_Data shown_
+---+
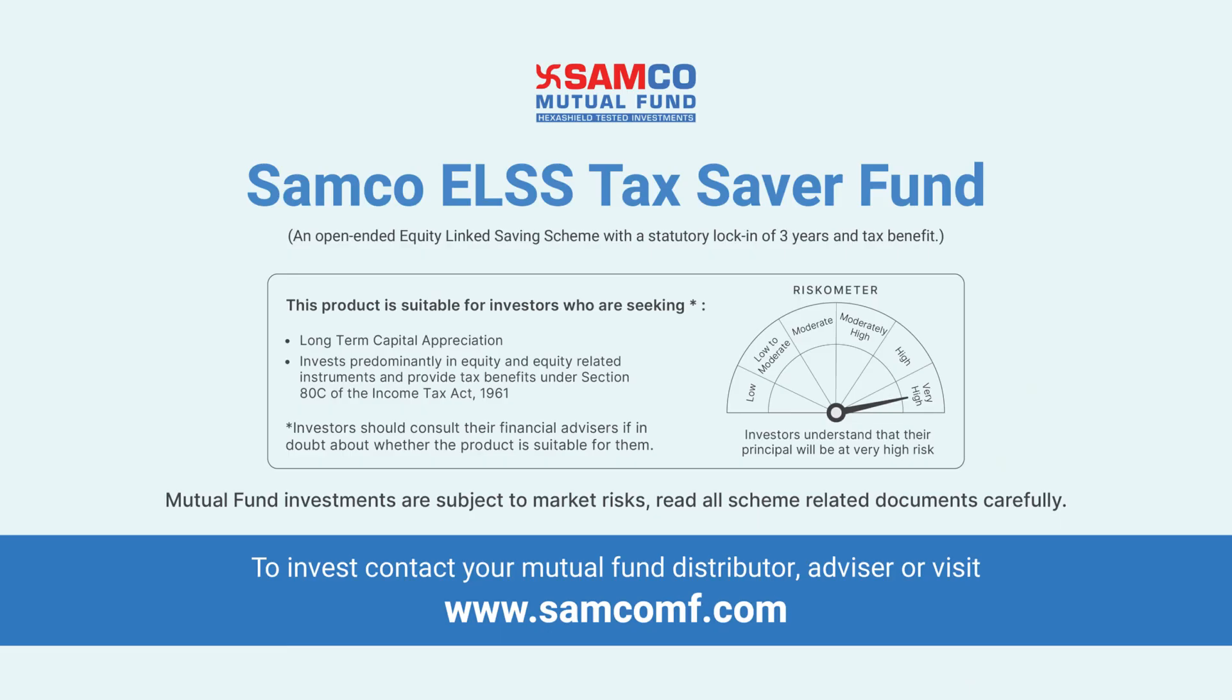Mutual fund investments are subject to market risks. Read all scheme-related documents carefully.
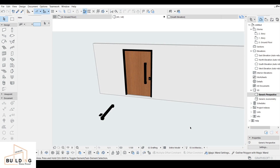Hi everyone! Today's video is about how to customize a handle lock for a door. Before starting this tutorial, my channel is about 3D designs, building, and tutorials. Please don't forget to subscribe, like, and share. Okay, let's start.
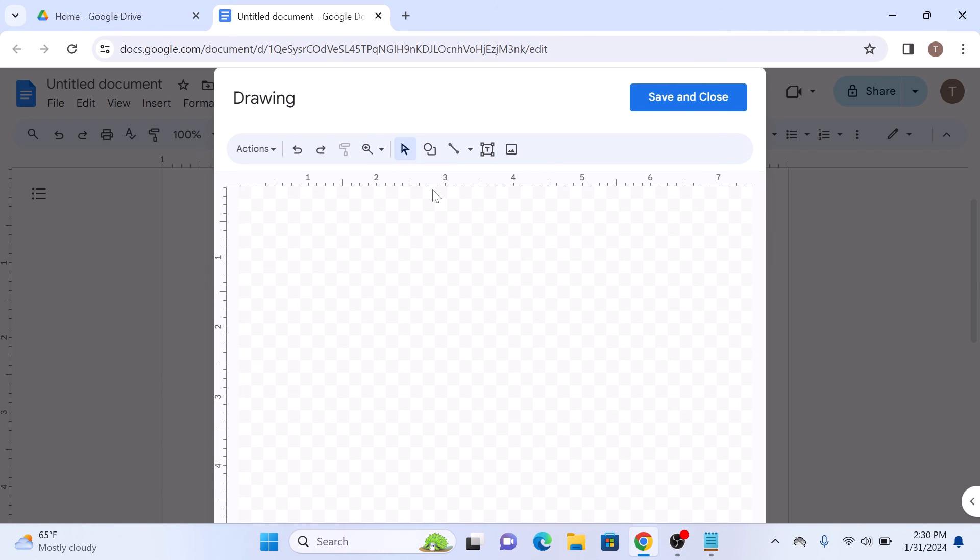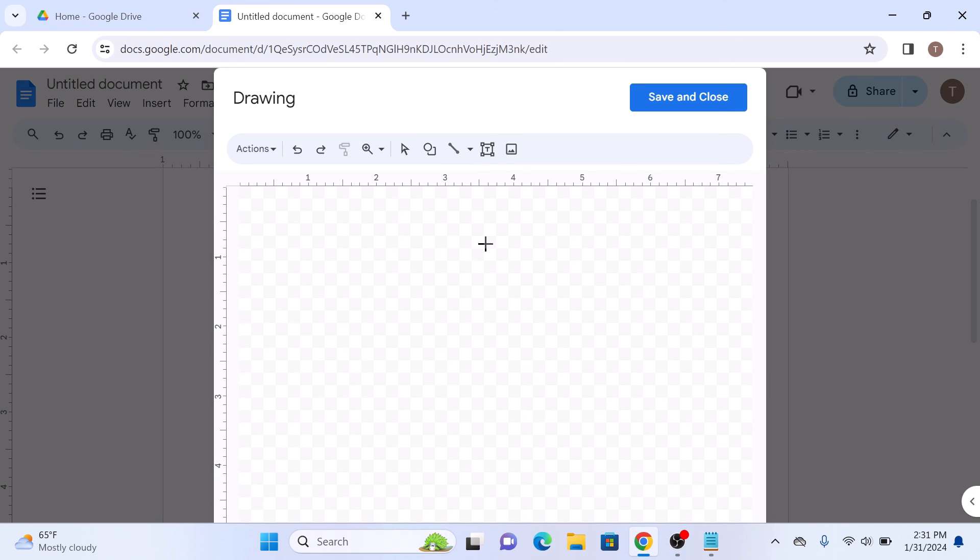A drawing dialog box will pop up. Here click on the line icon and draw a straight line. Make sure it's vertical by holding down the shift key while dragging to maintain a straight line.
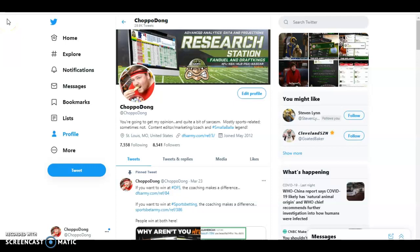Hey there, everybody. It's your buddy, ChoppaDong, and I represent DFSArmy.com. Of course, one-stop shopping, all things daily fantasy sports, from PGA to NFL to MLB.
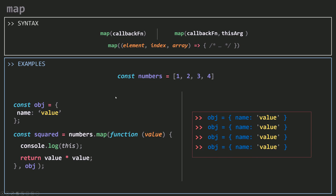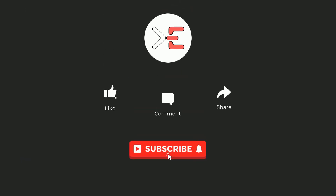And I think that's all you need to know about the map method. Don't forget to like, comment, share, and subscribe, and see you in a new tutorial. Take care.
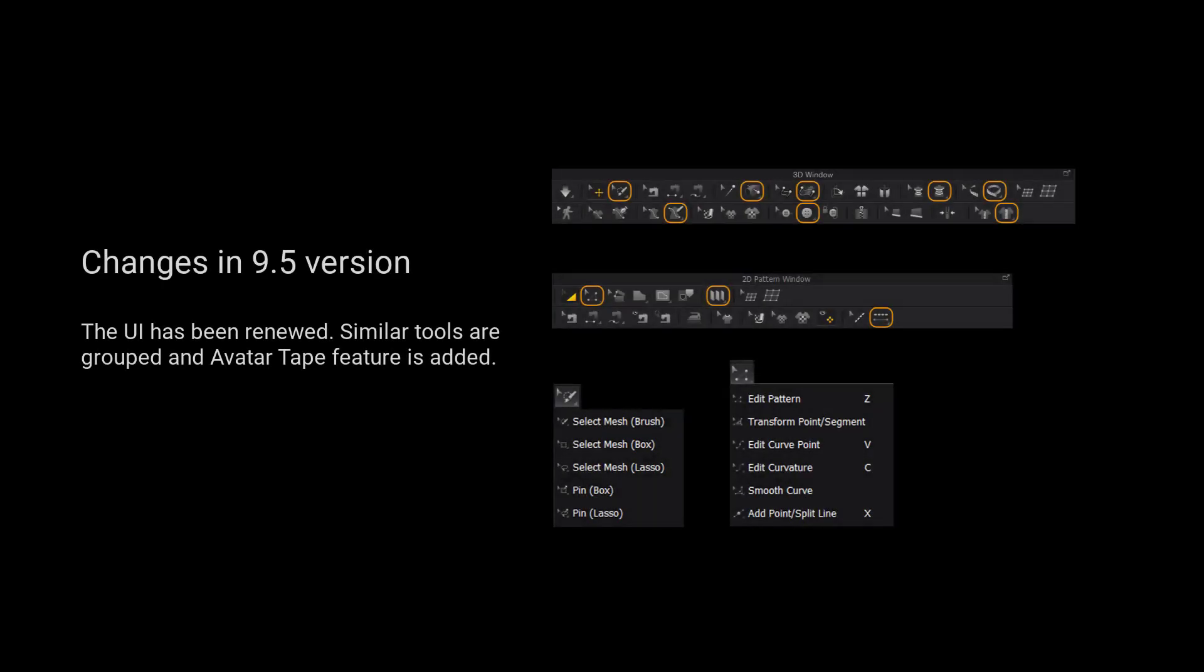Please kindly notice that the UI has been renewed. Similar tools are grouped and Avatar Tape feature is added.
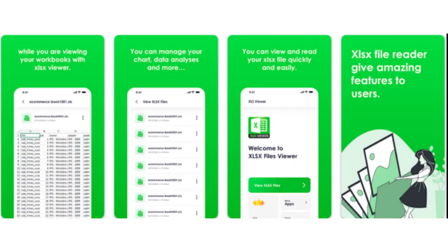Number 9: XLSX File Viewer. If you are only looking for an app to open existing spreadsheets, you can go with the XLSX File Viewer. True to its name, it can easily open Excel files on your Android smartphones. Working on spreadsheets offline is also possible.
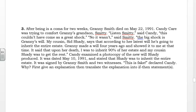"No, it wasn't," said Smitty. "The big shock is Granny's will. My cousin, Sid Shady, says that according to her latest will, he's going to inherit the entire estate. Granny made a will four years ago and showed it to me at that time. It said that upon her death, I was to inherit 90% of her estate, and my cousin Shady was going to get the rest."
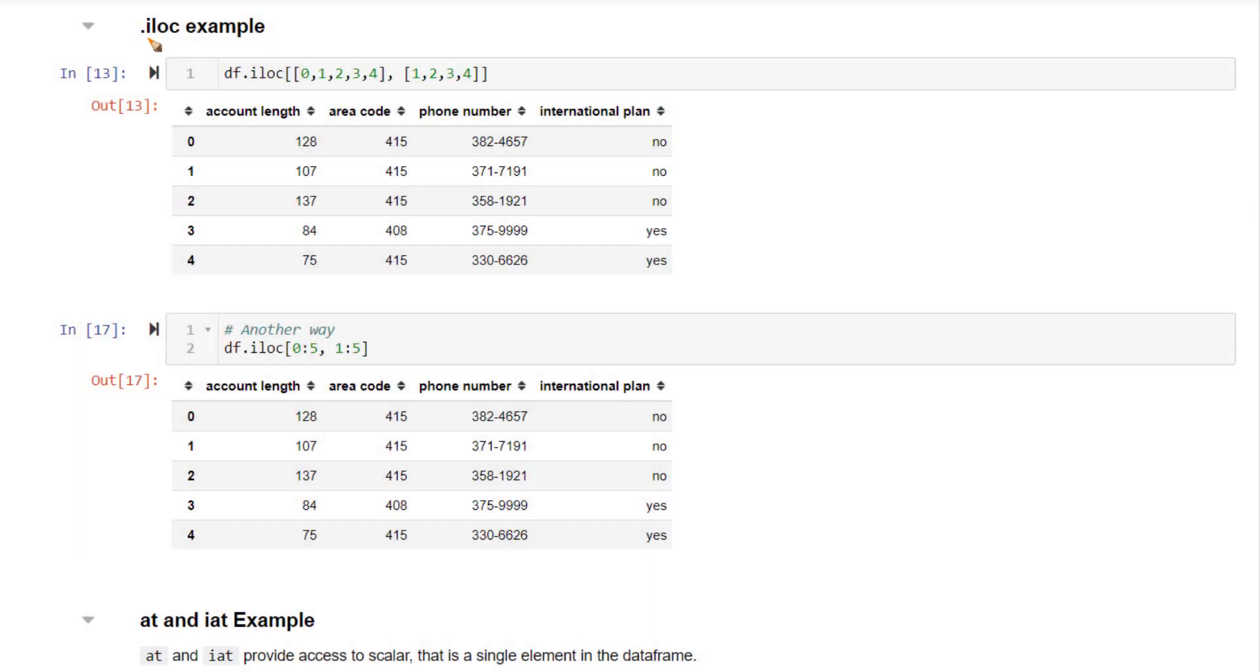Now let's understand how the .iloc method works. This is also very similar to the .loc method. The only difference is instead of taking the index names, .iloc takes in the index positions and column positions instead of column names.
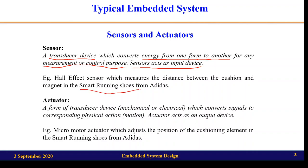In an earlier unit we studied about smart running shoes from Adidas, where there is a cushioning element above a magnet which is adjusted according to the running pace, weight of the runner, or running surface. For this they use a Hall effect sensor, which measures the distance between the cushion and the magnet. This signal is sent to the microcontroller, which processes an algorithm based on pace, running surface, and weight.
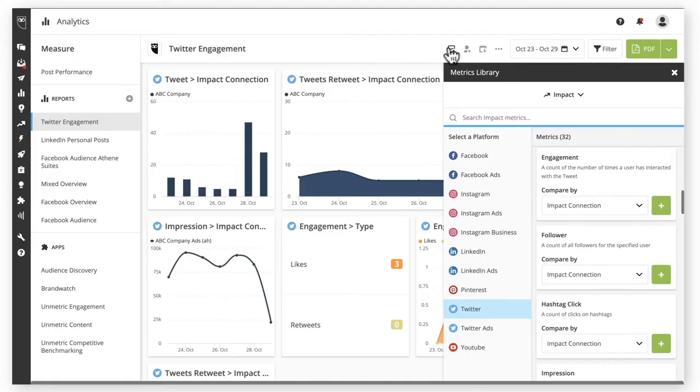We're excited to announce that through Twitter's enterprise APIs, Hootsuite has increased access to data and we have brought back Twitter engagement metrics. Hootsuite Impact users can now see impressions, engagement, retweets, likes, replies, and video views in Impact and Hootsuite analytics.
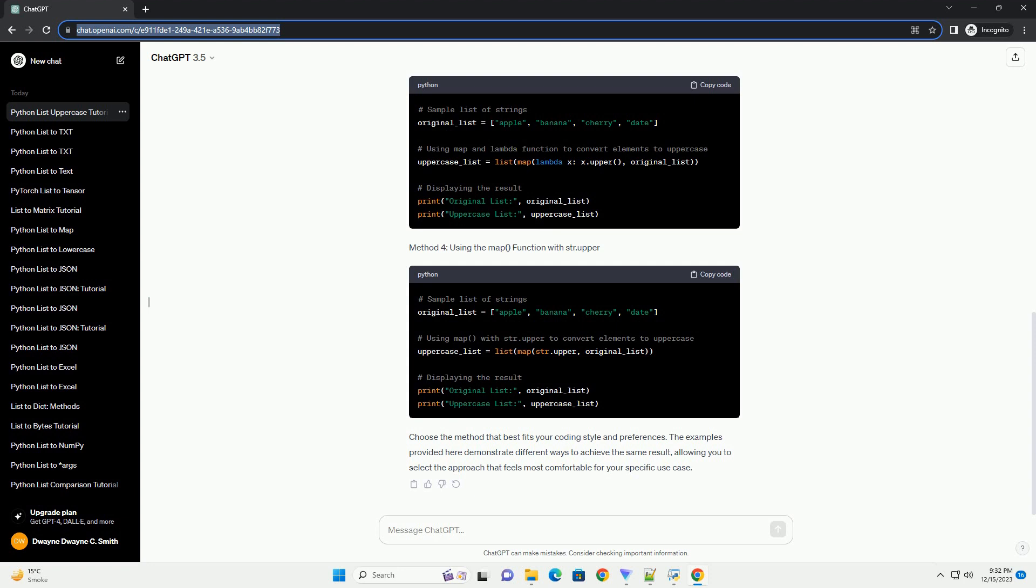lists are versatile data structures that allow you to store and manipulate collections of items. If you have a list containing strings and want to convert all the elements to uppercase, Python provides a simple and efficient way to achieve this. This tutorial will guide you through the process of converting all elements in a Python list to uppercase using various methods.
+---+
_Problem to solve_
Could you set down, exactly as written, every line from the start of the records above through the line containing "In an earlier", leaving the pictures out?

_Solved problem_
Mutual fund investments are subject to market risks. Read all scheme-related documents carefully.
Hi everyone! Today's video is about how to customize a handle lock for a door. Before starting this tutorial, my channel is about 3D designs, building, and tutorials. Please don't forget to subscribe, like, and share. Okay, let's start.
A drawing dialog box will pop up. Here click on the line icon and draw a straight line. Make sure it's vertical by holding down the shift key while dragging to maintain a straight line.
Hey there, everybody. It's your buddy, ChoppaDong, and I represent DFSArmy.com. Of course, one-stop shopping, all things daily fantasy sports, from PGA to NFL to MLB.
And I think that's all you need to know about the map method. Don't forget to like, comment, share, and subscribe, and see you in a new tutorial. Take care.
Please kindly notice that the UI has been renewed. Similar tools are grouped and Avatar Tape feature is added.
Number 9: XLSX File Viewer. If you are only looking for an app to open existing spreadsheets, you can go with the XLSX File Viewer. True to its name, it can easily open Excel files on your Android smartphones. Working on spreadsheets offline is also possible.
"No, it wasn't," said Smitty. "The big shock is Granny's will. My cousin, Sid Shady, says that according to her latest will, he's going to inherit the entire estate. Granny made a will four years ago and showed it to me at that time. It said that upon her death, I was to inherit 90% of her estate, and my cousin Shady was going to get the rest."
Now let's understand how the .iloc method works. This is also very similar to the .loc method. The only difference is instead of taking the index names, .iloc takes in the index positions and column positions instead of column names.
In an earlier unit we studied about smart running shoes from Adidas, where there is a cushioning element above a magnet which is adjusted according to the running pace, weight of the runner, or running surface. For this they use a Hall effect sensor, which measures the distance between the cushion and the magnet. This signal is sent to the microcontroller, which processes an algorithm based on pace, running surface, and weight.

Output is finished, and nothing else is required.